In the 19th century, Great Britain might have had the greatest navy in the world and ruled the waves, but the potential of new military technology, such as aerial bombardment or powerful artillery, made the British Isles increasingly vulnerable.
Invasion by tunnel
At the height of the Napoleonic wars between Britain and France, both Britain and France staged farces such as La descente en Angleterre (The Raid on England, 1797) by Jean-Corisandre Mittié and the anonymous The Invasion of England (1803). It was the new technology, though, that was most alarming. The French had first crossed the English Channel by hot air balloon in 1785, and the threat of an aerial invasion fleet was ever present in English minds. This was further aggravated by the idea of a Channel Tunnel, which Napoleon had considered and for which plans had been prepared by Albert Mathieu in 1802.
The Battle of Dorking
In 1871 Lieutenant-Colonel George Tomkyns Chesney caused uproar with the publication of his story ‘The Battle of Dorking’. Chesney believed that Great Britain was unprepared for an armed invasion from Germany, especially after Germany’s unexpected victory in the Franco-Prussian War of 1870-71. The story is told in retrospect from 50 years in the future when a soldier recounts the terrible events to his grandson. Using a powerful new weapon, the German navy destroys the British fleet. They march upon London and the final battle is at Dorking in the Surrey Hills. Germany takes control of Britain, and the Empire is disbanded.
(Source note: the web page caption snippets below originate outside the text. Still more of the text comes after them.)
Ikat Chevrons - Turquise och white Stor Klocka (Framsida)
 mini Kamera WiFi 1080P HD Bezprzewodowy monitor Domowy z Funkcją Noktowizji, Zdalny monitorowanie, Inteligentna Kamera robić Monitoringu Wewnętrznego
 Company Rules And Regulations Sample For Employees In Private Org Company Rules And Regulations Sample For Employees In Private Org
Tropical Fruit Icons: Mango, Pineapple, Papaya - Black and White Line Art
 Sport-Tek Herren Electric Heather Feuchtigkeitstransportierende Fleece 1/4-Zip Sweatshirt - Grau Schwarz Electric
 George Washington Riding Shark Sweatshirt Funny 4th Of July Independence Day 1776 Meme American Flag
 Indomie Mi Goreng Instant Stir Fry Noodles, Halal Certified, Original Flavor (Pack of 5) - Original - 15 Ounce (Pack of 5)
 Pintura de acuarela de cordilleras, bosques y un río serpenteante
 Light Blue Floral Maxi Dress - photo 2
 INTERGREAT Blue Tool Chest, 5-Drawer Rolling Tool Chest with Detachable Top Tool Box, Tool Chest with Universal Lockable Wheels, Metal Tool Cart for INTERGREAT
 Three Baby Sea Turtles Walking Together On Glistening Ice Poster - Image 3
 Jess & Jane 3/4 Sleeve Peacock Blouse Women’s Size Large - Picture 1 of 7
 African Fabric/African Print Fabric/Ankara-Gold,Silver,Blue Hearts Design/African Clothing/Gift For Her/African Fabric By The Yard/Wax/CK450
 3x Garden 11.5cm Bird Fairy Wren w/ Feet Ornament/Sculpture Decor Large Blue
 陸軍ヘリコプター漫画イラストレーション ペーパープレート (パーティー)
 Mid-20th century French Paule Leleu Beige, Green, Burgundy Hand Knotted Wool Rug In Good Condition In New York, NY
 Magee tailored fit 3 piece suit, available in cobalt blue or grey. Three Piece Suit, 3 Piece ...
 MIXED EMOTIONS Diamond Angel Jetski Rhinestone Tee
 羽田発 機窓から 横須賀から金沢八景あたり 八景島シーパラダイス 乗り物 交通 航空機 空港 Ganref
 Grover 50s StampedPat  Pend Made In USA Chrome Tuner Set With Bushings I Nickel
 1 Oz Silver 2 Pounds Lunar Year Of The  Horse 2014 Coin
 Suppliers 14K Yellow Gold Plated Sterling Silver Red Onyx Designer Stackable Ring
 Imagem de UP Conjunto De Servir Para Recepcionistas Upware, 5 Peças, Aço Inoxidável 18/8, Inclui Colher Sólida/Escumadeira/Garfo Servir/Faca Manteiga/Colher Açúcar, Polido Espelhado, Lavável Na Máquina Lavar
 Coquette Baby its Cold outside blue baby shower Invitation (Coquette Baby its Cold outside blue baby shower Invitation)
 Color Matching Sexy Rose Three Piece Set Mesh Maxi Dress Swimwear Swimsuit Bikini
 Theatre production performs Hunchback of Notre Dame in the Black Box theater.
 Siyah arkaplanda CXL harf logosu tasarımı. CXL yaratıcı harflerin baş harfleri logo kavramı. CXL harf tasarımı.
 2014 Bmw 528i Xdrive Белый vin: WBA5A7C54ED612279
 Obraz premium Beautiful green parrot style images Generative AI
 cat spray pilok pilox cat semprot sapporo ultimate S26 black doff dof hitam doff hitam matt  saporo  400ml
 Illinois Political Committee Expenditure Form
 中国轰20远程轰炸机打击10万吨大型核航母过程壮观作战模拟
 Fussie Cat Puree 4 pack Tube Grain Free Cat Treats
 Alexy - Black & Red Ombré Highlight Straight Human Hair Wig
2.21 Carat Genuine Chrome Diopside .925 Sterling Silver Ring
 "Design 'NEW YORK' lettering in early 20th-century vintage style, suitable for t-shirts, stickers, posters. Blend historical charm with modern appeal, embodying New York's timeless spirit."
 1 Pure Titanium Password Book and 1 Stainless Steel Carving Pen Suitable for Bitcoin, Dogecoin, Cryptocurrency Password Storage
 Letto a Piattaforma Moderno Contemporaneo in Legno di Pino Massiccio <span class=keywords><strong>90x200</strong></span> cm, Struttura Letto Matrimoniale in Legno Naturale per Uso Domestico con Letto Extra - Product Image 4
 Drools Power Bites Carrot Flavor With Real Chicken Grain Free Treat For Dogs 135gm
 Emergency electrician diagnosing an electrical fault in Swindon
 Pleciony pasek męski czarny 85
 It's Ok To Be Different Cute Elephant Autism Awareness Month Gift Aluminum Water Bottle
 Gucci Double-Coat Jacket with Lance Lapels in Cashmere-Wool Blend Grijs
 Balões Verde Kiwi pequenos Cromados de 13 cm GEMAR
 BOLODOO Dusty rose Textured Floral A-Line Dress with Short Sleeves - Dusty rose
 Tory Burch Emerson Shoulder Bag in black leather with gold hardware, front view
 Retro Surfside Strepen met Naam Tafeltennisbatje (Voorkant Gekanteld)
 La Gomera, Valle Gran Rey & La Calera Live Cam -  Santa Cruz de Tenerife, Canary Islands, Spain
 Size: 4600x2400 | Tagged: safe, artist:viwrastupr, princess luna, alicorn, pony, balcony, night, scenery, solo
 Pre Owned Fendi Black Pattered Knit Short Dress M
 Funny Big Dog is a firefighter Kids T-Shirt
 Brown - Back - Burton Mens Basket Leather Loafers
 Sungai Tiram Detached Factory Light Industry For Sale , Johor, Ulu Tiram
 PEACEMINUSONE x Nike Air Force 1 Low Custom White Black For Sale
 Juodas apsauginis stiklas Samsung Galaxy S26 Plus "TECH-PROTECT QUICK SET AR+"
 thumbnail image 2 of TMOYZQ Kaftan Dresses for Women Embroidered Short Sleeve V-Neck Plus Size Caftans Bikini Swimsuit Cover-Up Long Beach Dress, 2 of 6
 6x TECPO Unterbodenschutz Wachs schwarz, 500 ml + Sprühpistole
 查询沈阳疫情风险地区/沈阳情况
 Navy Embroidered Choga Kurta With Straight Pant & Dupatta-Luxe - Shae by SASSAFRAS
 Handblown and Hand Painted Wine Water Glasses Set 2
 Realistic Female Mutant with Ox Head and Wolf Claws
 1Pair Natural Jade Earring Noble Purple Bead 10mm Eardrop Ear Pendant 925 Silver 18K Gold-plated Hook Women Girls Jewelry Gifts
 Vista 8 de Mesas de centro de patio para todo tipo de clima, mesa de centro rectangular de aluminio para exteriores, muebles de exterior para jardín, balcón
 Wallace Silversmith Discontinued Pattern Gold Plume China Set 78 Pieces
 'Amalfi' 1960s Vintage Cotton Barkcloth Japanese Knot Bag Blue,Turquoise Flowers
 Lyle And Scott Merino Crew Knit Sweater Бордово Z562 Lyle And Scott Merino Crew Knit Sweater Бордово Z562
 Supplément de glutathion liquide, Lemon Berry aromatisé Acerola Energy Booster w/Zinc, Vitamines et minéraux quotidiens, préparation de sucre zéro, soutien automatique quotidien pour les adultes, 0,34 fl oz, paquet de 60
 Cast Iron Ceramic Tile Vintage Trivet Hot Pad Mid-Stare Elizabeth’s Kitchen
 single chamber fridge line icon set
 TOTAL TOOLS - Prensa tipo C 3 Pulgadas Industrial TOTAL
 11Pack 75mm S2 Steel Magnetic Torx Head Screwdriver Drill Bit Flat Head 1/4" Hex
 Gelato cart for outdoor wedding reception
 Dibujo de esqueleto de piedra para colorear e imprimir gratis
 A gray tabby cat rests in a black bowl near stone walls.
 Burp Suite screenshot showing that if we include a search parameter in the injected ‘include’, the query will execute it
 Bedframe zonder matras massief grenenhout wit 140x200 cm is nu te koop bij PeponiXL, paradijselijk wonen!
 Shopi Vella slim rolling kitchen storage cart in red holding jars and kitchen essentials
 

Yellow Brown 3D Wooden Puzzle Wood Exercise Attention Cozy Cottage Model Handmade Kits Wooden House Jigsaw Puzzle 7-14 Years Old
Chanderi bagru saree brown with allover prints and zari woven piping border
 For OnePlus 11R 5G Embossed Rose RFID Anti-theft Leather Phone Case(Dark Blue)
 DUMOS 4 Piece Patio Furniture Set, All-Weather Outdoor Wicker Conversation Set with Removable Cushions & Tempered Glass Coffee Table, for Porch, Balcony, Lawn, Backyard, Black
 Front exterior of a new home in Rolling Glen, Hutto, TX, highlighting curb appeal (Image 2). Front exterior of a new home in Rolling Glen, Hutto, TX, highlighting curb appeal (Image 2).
The reaction to the story was immediate. The British, having grown complacent with their military superiority, were horrified, and the government had to reassure the public that plans to review the army were already in hand. Chesney’s alarmist story had catapulted the genre of future-war fiction into the public arena.
The terrorist threat
The twin ideas of the super-inventor and future war came together at the end of the 19th century with a number of novels in which a scientist creates a machine with which he is able to hold the world to ransom. Jules Verne had sown the seed for this with Vingt mille lieues sous les mers (20,000 Leagues Under the Sea, 1870) where Captain Nemo uses his submarine, the Nautilus, to attack British ships in his hatred of the British.
The ultimate threat
It was left to H G Wells to develop the popularity of the invasion-threat novel by having the ultimate invader, the Martians, in The War of the Worlds (1898). Wells' Martians are technologically superior to anything Earth can throw at them and show that, in the future, whoever is the most scientifically advanced will hold the upper hand in any combat.